In a sense, the ghetto existed on a foundation of those anonymous, unthankable deeds; insignificant and almost trivial in themselves, but collectively essential to the survival of the slum. We soothed our neighbours' children as if they were our own when they cried. We tightened a loose rope on someone else's hut when we noticed it sagging, and adjusted the lay of a plastic roof as we passed by. We helped one another, without being asked, as if we were all members of one huge tribe, or family, and the thousand huts were simply rooms in our mansion home.

At his invitation, I breakfasted with Qasim Ali Hussein. We drank sweet tea spiced with clove, and ate waffle-style rotis filled with ghee and sugar, and rolled into tubes. Ranjit's lepers had delivered a new batch of medicines and bandages on the previous day. Because I was away all afternoon, they'd left the bundles with Qasim Ali. We sorted through them together. Qasim Ali couldn't read or write English, and he insisted that I explain the contents and uses of the various capsules, tablets, and salves that I'd ordered. One of his sons, Ayub, sat with us, and wrote the name and description of each medicine in the Urdu script on tiny fragments of paper, and patiently attached a label to every container or tube of cream with adhesive tape. I didn't know it then, but Qasim Ali had chosen Ayub to be my assistant, to learn everything possible about medicines and their uses, so that he could replace me when the time came-as the head man was sure that it would-for me to leave the slum.

It was eleven o'clock when I finally found time to stop at Karla's small house near the Colaba Market. There was no answer to my knocking.

Her neighbours told me she'd gone out an hour earlier. They had no idea when she would return. I was annoyed. I'd left my boots and jeans inside, and I was anxious to retrieve them, to get out of those loose but uncomfortable clothes, those clothes that were hers. I hadn't exaggerated when I'd told her that the jeans, T-shirt, and boots were my only clothes. In my hut there were only two lungis, which I wore for sleeping, bathing, or for when I washed my jeans. I could've bought new clothes-a T-shirt, jeans, and track shoes would've cost me no more than four or five American dollars in the clothing bazaar at Fashion Street-but I wanted my own clothes, the clothes I felt right in. I left a grumble of words for her in a note, and set off to keep my appointment with Khaderbhai.

The great house on Mohammed Ali Road seemed to be empty when I arrived. The six panels of the street door were folded back, and the spacious marble entrance hall was exposed. Thousands of people walked past every hour, but the house was well known and no-one on the street seemed to pay any attention to me as I entered, knocking on the green panels to announce my arrival.

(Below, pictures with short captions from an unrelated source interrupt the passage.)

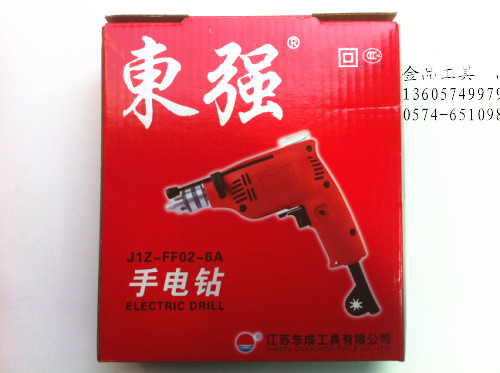 东成东强电动工具J1Z-FF02-6A手电钻(正反转,可调速度)(假一罚十)|msdalam kategori perkakasan/alat, Alat-alat kuasa, gerudi - dari Buy2taobao.com untuk memberikan perkhidmatan ejen Taobao profesional membeli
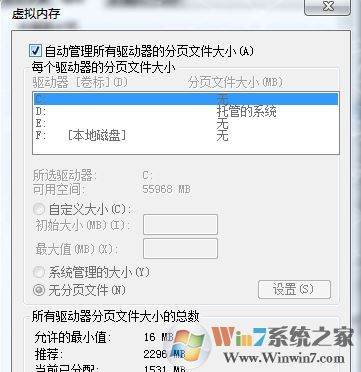 由于啟動計算機時出現(xiàn)了頁面配置問題(win7系統(tǒng)故障解決大全)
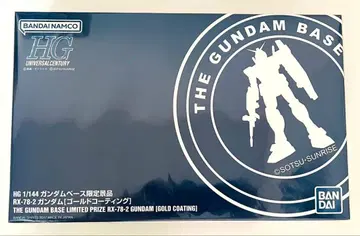 HG 1/144 건담베이스 한정판 경품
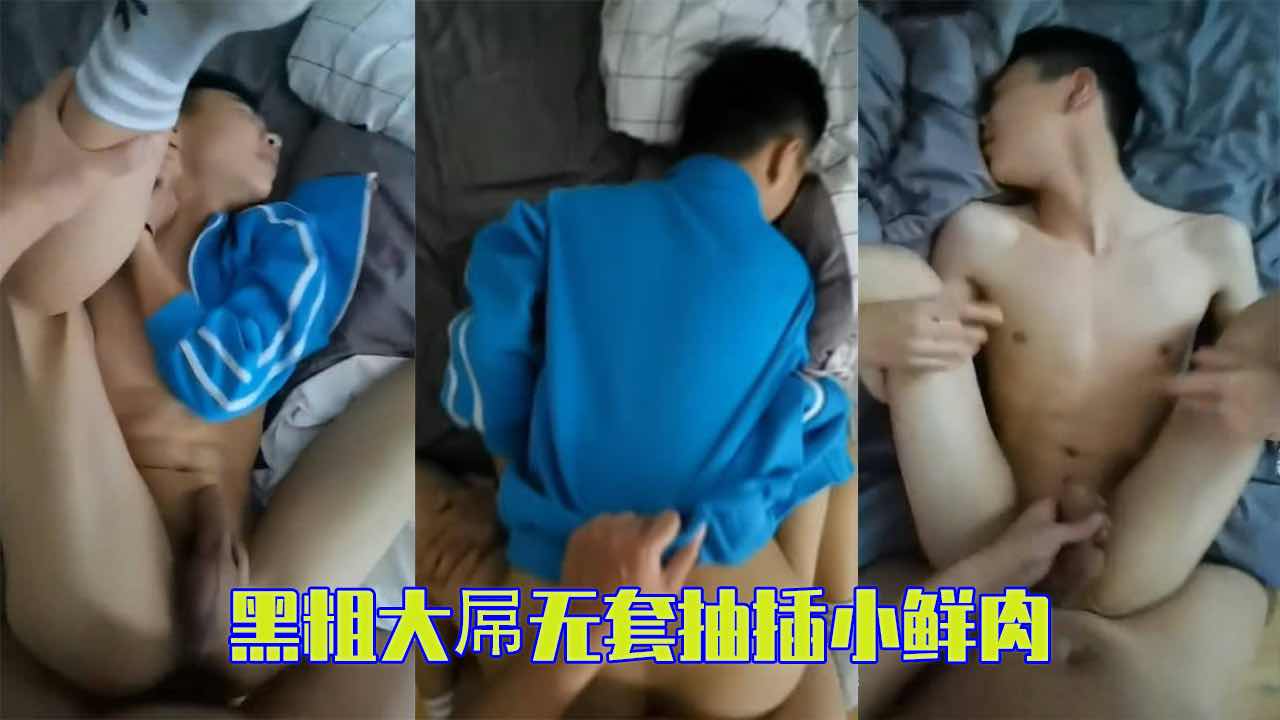免费 黑粗大屌无套抽插小鲜肉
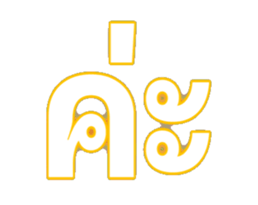 773243868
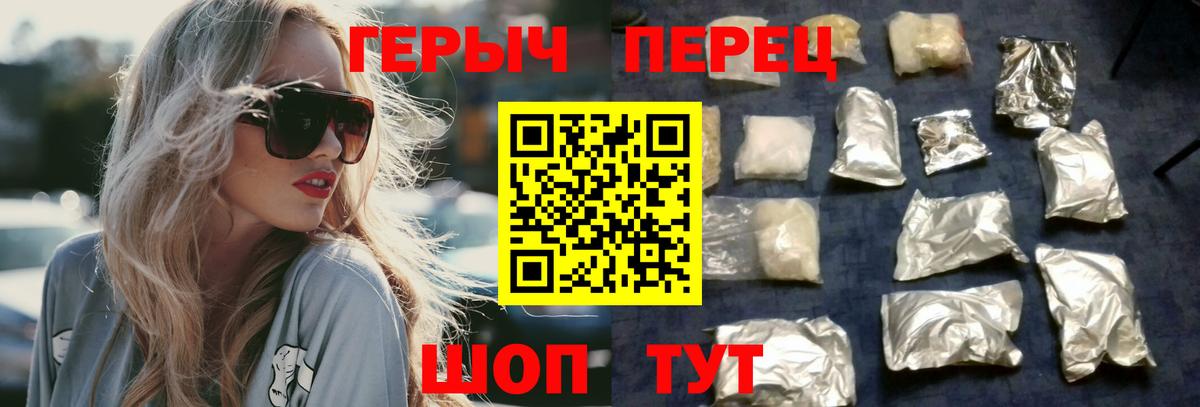 Героин хмурый Пыть-Ях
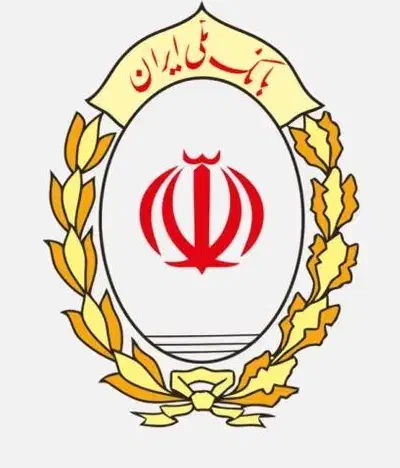 وام سفته الکترونیکی|خدمات مالی، حسابداری، بیمه|ری, اقدسیه|دیوار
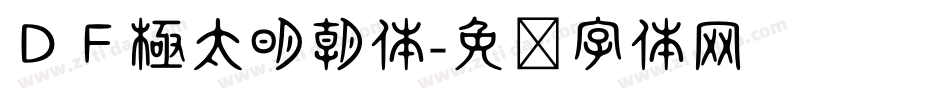 ＤＦ極太明朝体字体转换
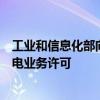 工业和信息化部向北京沐美星空科技有限公司颁发空间无线电业务许可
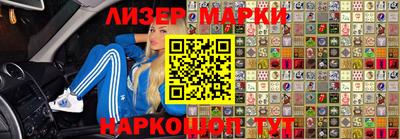 ГАЛЛЮЦИНОГЕННЫЕ ГРИБЫ Гусиноозёрск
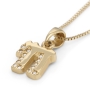 Petite 14K Gold Chai Pendant Necklace with Diamond "Shadow" - 6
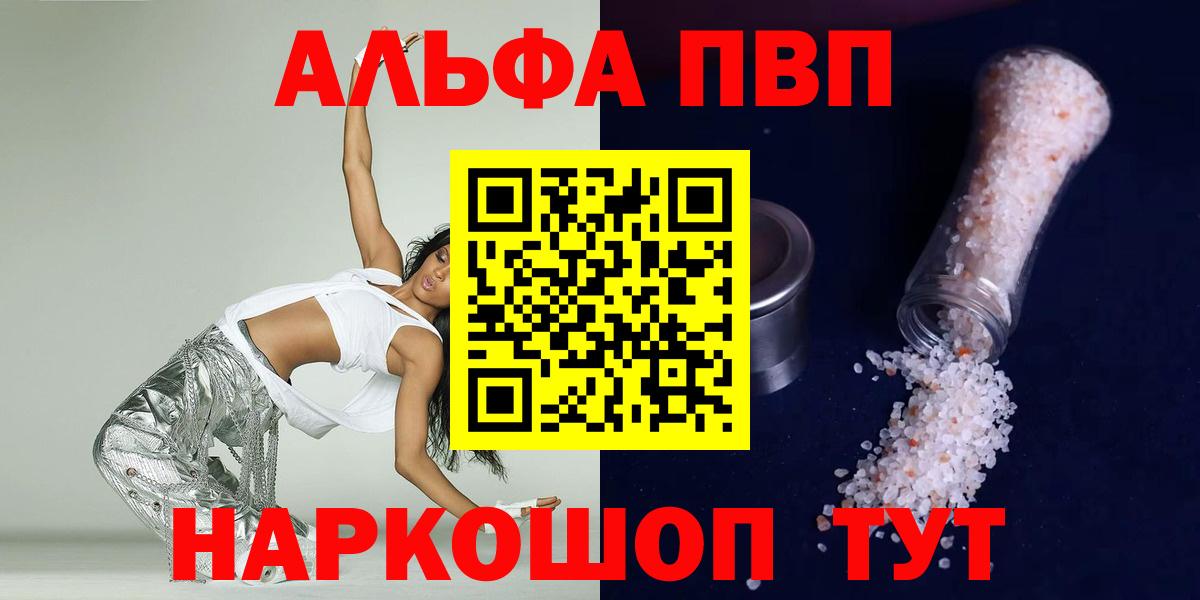 Карпинск  закладка  Альфа ПВП Соль  Вход с VPN  Alfa_PVP СК  Alpha-PVP мука 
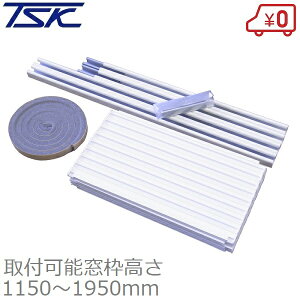 {Y pC FM-200HNppl FM-200HN-S 1150~1950mm gp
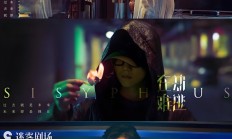 开云官网-马德里德比悬念重重，胜负难料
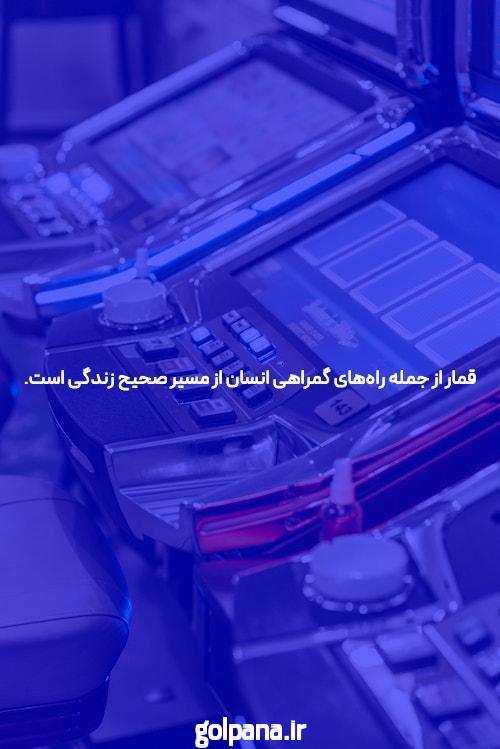میتوانید بعداً از ما تشکر کنید & نه دلیل برای توقف فکر کردن در مورد ماشین آلات و تجهیزات چاپ و بستهبندی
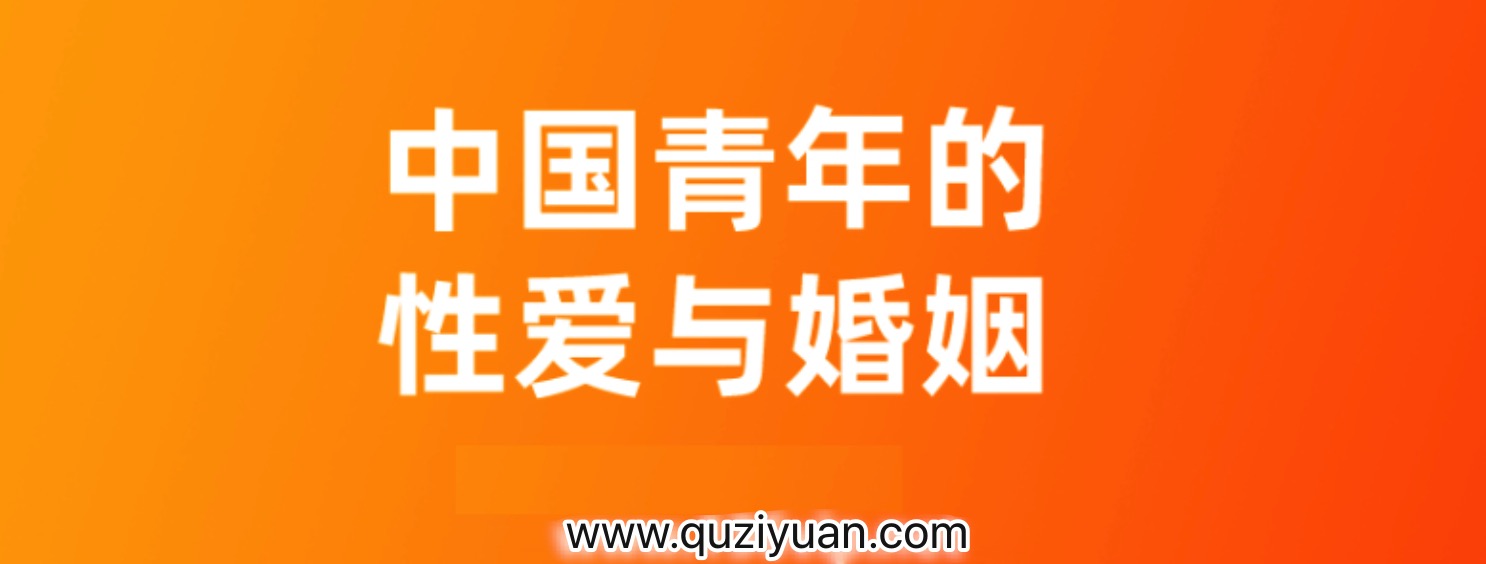 對(duì)話李銀河_中國青年的性愛與婚姻 百度網(wǎng)盤插圖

After a few moments, Nazeer came to greet me, his frown vaguely hostile. He directed me to swap my street shoes for a pair of house slippers, and then led me along a tall, narrow corridor in the opposite direction to that of the room I'd visited the night before. We passed a number of closed rooms as the corridor wound through two right turns, and eventually came out upon an inner courtyard.

The very large, oval space was open to the sky in the centre as if a great hole had been cut in the thick plasterwork of the ceiling. It was paved with heavy, square Maharashtrian stone, and surrounded by pillared arches that gave a cloister effect. There were many plants and flowering shrubs in the wide circle of the interior garden, and five tall, slender palms. The fountain that I'd heard from the meeting room, where we'd talked about suffering, was the centrepiece. It was a circle of marble about a metre in height and four metres in diameter with a single huge, uncut boulder in the centre. Water seemed to spout from the very core of the enormous stone. At its peak, the small fountain curved into a lily-shaped plume before splashing gently onto the smooth, rounded surfaces of the boulder and flowing with rhythmic, musical flourishes into the pond of the fountain.